Given that two of the three measures of edge attrition show
highly significant differences between certain butchery activities,
we conclude that there are much higher attrition rates in
flakes used for skinning and disarticulation than those used for
defleshing only.

Their conclusion:
The results of our experiments provide no statistical support
for Bunn’s (2001) inference that hominins took measures
to reduce the likelihood of tool-bone contact because of potential
edge dulling caused by cut mark production. Our results also lead to the expectation that tool discard behavior should
not necessarily be associated with high frequencies of cutmarked
bone, and this expectation can be tested at a variety
of archaeological localities. A brief investigation of stone artifact
discard patterns at Early Stone Age sites suggest that
hominins are discarding artifacts at very high rates even at
sites when there is very little evidence of butchery activity
(Table 4). However, we still expect that stone tool discard rates
may be associated with the degree of edge attrition. Given the
differences in tool edge attrition described in this study, the
frequency of different types of tasks may have had a substantial
effect on rates of tool discard at different archaeological localities.
This raises the possibility that stone tool discard was
linked to butchery activities that did not always result in
high numbers of cut marks.

Thus, cut marks are not indicative in and of themselves of greater use wear and wastage of stone tools (and hence greater discard rates). They mention other possible sources of discard rate variation, prominently featuring raw material quality and availability. These have been shown to affect the degree to which stone tools were curated and discarded: rare and distant materials were more heavily conserved whereas abundant materials were used somewhat wastefully (I have some discussion and references of that here).
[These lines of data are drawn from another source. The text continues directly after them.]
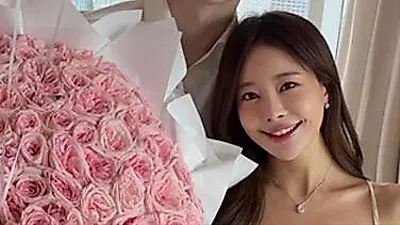 Aori sparks marriage rumors with massive bouquet from Kim Hyung-bae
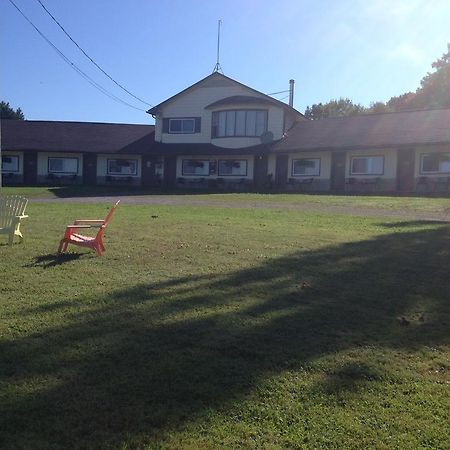 Lakeview Motel Jemseg Esterno foto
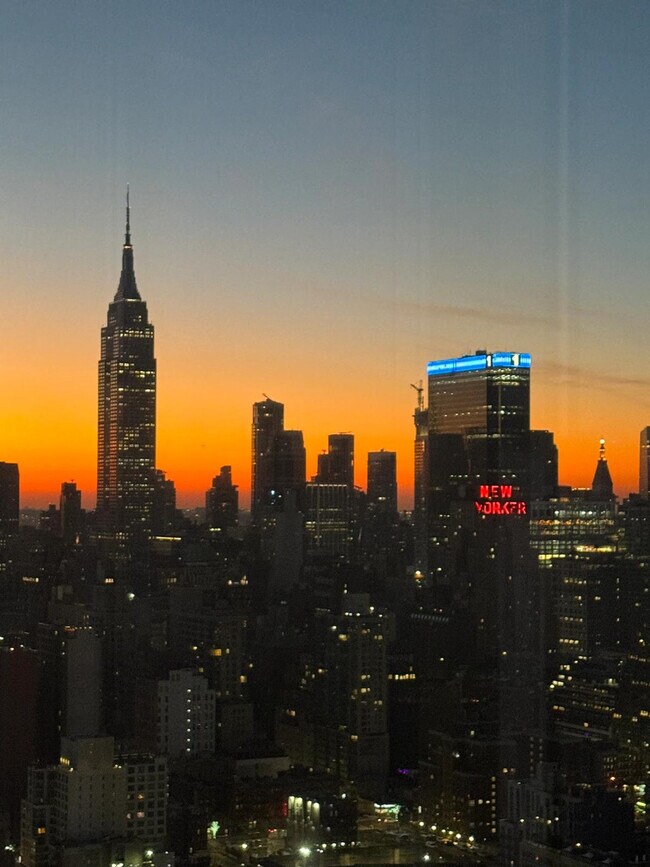 Foto del edificio - 312 W 42nd St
BTW, they used way more techy measures than I did in my little study. I weighed the flakes as they did but instead of calculating area with a fancy digital imaging technique, I drew a line parallel to the edge and measured the distance to the edge in several places. That way I could who the rate at which the edge was being ground down. I don't recall if I measured edge angle. . .but I did note the kind of wear that was being inflicted on it (flaking vs polishing vs crushing).

Ref: David R. Braun, Briana L. Pobiner, Jessica C. Thompson 2008 An experimental investigation of cut mark production and stone tool attrition. Journal of Archaeological Science 35:1216-1223.